Market Conditions & Outlook

 

                        Agricultural. Global farm-economic conditions remain solid and continue to have a positive long-term outlook. In this regard, demand for crops is benefiting from a global population gaining in both size and affluence, and from a dramatic rise in the use of renewable fuels. As a result, carryover stocks of commodities such as wheat and corn remain low, providing support to crop prices and overall farm fundamentals. In the near term, higher input costs, particularly related to energy prices, are having a negative impact on global farm income and putting pressure on farm machinery sales in key markets. In addition, uncertainty over global trade policies is contributing to a softer retail environment.

 

In the U.S. and Canada, farmers are in sound overall financial condition with support from relatively low debt levels and rising land values. However, cash receipts are forecast to be below last year’s record level, while higher interest rates and increased input costs are causing farm incomes to narrow. In addition, dry weather in the U.S. Plains states and Southeast is having a negative effect on farmer sentiment.
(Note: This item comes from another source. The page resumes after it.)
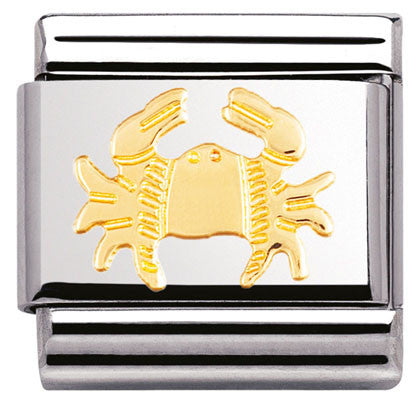 030104/04 Classic ZODIAC,S/Steel,Bonded Yellow Gold Cancer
Based on these factors, Deere projects industry retail sales in the U.S. and Canada to be down at least 5 percent for 2006.

 

Consistent with the company’s previous forecast, industry retail sales in Western Europe are forecast to be down about 5 percent for the year due to concerns over input costs, government farm policies and dry conditions in certain areas. In South America, conditions have weakened further and the outlook for industry retail sales is now down about 25 percent for the year. Negative factors include persistent strength in the Brazilian currency as well as higher input costs, primarily related to the treatment of soybean rust. In Australia, dryness is having a negative effect on the wheat crop, with industry retail sales in that region of the world now projected to decline about 15 percent for the year.

 

Based on these factors and market conditions, worldwide sales of John Deere agricultural equipment are forecast to be down about 4 percent for the year. Although benefiting from newly introduced products, sales are being negatively affected by ongoing efforts to reduce inventories and trade receivables. Worldwide farm machinery production is expected to be down about 20 percent in the fourth quarter in comparison with the same period last year.

 

8



 

 Commercial & Consumer. John Deere commercial and consumer sales are forecast to be up about 8 percent for the year. Benefiting the division’s sales are growth in the landscapes operation and positive response to the company’s advanced line of riding lawn equipment and other new products.

 

 Construction & Forestry. Markets for construction equipment are experiencing further gains as a result of increased overall construction spending. Higher nonresidential spending for the year is expected to more than offset a slight decline in residential construction. While sales to the rental channel have slowed, sales to the contractor segment have continued to increase as a result of fleet expansion and upgrading. Forestry-equipment markets have softened, and industry sales are expected to be down for the year on a global basis. In this environment, Deere’s worldwide sales of construction and forestry equipment are forecast to rise by about 12 percent for fiscal 2006.

 

 Credit. Full-year net income for Deere’s credit operations is now forecast to be approximately $340 million, with the improvement from last year being driven by growth in the credit portfolio. This outlook continues to reflect very strong credit quality.

 

John Deere Capital Corporation

 

The following is disclosed on behalf of the company’s credit subsidiary, John Deere Capital Corporation (JDCC), in connection with the disclosure requirements applicable to its periodic issuance of debt securities in the public market.

 

JDCC’s net income was $78.8 million for the quarter and $217.4 million for the year to date, compared with $76.3 million and $206.0 million for the respective periods last year. Results for both periods benefited from growth in the portfolio, partially offset by a higher provision for credit losses. Narrower financing spreads had a negative effect on net income for nine months.

 

Net receivables and leases financed by JDCC were $17.746 billion at July 31, 2006, compared with $15.789 billion one year ago. Net receivables and leases administered, which include receivables previously sold, totaled $18.813 billion at July 31, 2006, compared with $17.703 billion one year ago.

 

9



 

Safe Harbor Statement

 

Safe Harbor Statement under the Private Securities Litigation Reform Act of 1995:  Statements under “Company Earnings Outlook,” “Company Summary,” “Market Conditions & Outlook,” and other statements herein that relate to future operating periods are subject to important risks and uncertainties that could cause actual results to differ materially. Some of these risks and uncertainties could affect particular lines of business, while others could affect all of the Company’s businesses.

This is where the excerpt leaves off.